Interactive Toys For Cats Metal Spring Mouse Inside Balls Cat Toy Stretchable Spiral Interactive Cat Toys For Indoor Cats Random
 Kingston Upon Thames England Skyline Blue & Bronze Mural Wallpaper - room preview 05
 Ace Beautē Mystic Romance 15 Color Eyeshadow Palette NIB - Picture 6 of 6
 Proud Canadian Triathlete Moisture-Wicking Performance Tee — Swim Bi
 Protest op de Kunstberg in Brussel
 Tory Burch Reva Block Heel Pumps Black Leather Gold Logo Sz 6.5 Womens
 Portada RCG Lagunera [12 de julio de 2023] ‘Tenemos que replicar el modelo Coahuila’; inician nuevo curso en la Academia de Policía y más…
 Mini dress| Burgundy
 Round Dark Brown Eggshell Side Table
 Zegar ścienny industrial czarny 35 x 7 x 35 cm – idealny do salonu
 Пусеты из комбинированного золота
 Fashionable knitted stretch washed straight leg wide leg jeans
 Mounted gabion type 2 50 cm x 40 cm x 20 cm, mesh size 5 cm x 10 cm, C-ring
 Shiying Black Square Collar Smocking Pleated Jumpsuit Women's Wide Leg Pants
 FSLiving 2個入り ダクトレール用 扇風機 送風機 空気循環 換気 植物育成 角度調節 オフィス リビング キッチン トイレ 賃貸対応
====================
Task description -> Copy out the entries above exactly as given, starting at the top and ending with the line containing "Fashionable knitted stretch"; include both and nothing more.

Response to this exercise ->
Interactive Toys For Cats Metal Spring Mouse Inside Balls Cat Toy Stretchable Spiral Interactive Cat Toys For Indoor Cats Random
 Kingston Upon Thames England Skyline Blue & Bronze Mural Wallpaper - room preview 05
 Ace Beautē Mystic Romance 15 Color Eyeshadow Palette NIB - Picture 6 of 6
 Proud Canadian Triathlete Moisture-Wicking Performance Tee — Swim Bi
 Protest op de Kunstberg in Brussel
 Tory Burch Reva Block Heel Pumps Black Leather Gold Logo Sz 6.5 Womens
 Portada RCG Lagunera [12 de julio de 2023] ‘Tenemos que replicar el modelo Coahuila’; inician nuevo curso en la Academia de Policía y más…
 Mini dress| Burgundy
 Round Dark Brown Eggshell Side Table
 Zegar ścienny industrial czarny 35 x 7 x 35 cm – idealny do salonu
 Пусеты из комбинированного золота
 Fashionable knitted stretch washed straight leg wide leg jeans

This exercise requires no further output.